* Exercise data *
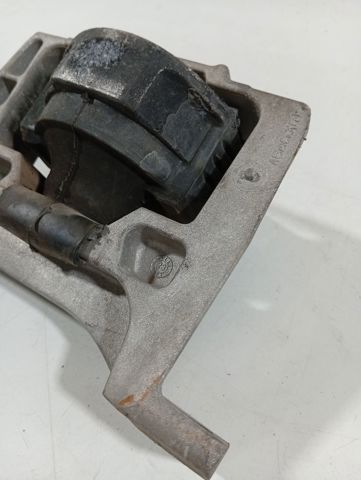 307396 FORD купить в Полтава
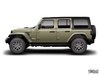 2026 Jeep Wrangler Sahara-0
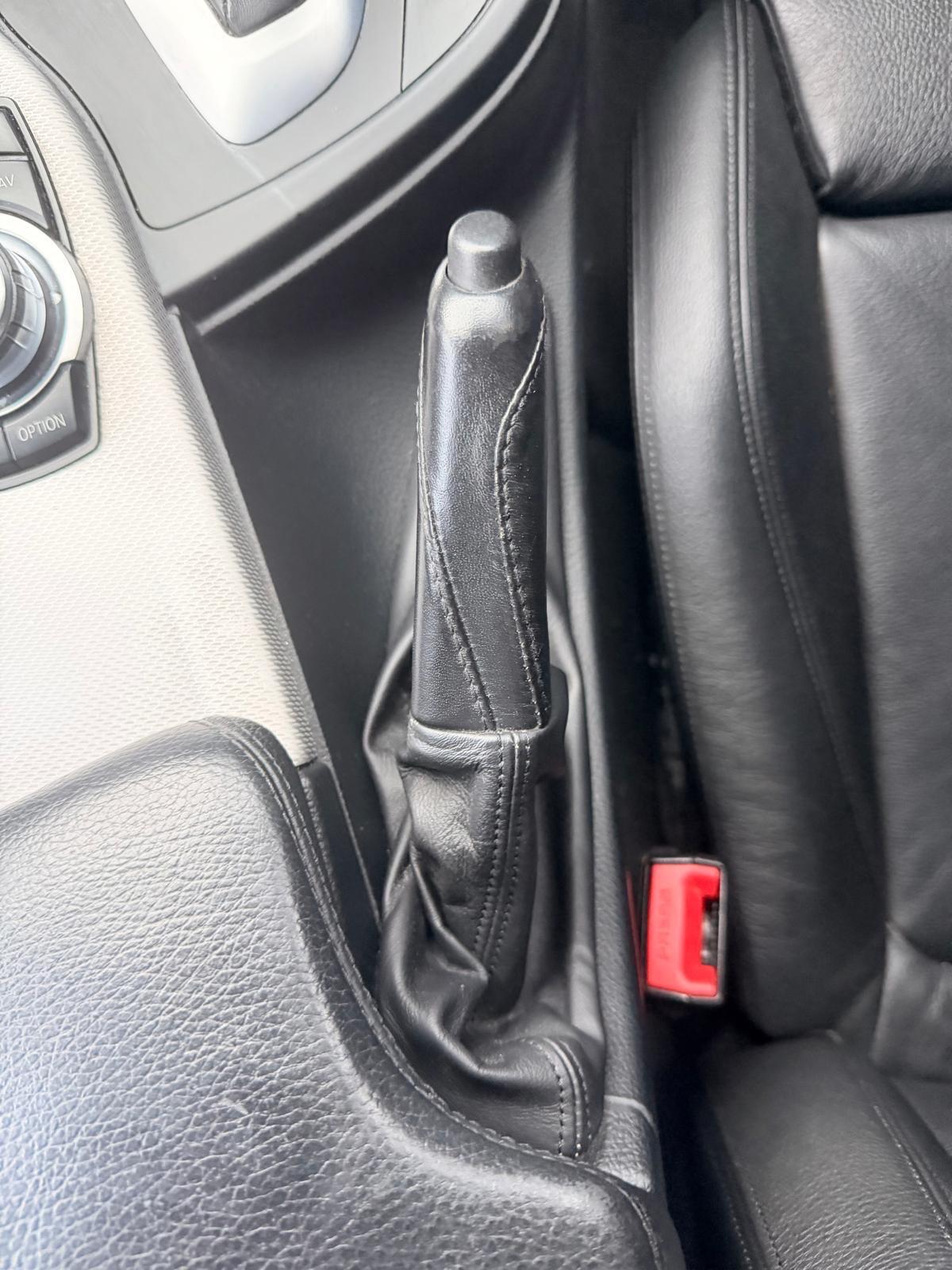 Used BMW 3 Series 2016 for sale - 77468380: Photo 89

* Problem *
Each line of the data above must be repeated exactly, images excluded.

* Answer to the problem *
 307396 FORD купить в Полтава
 2026 Jeep Wrangler Sahara-0
 Used BMW 3 Series 2016 for sale - 77468380: Photo 89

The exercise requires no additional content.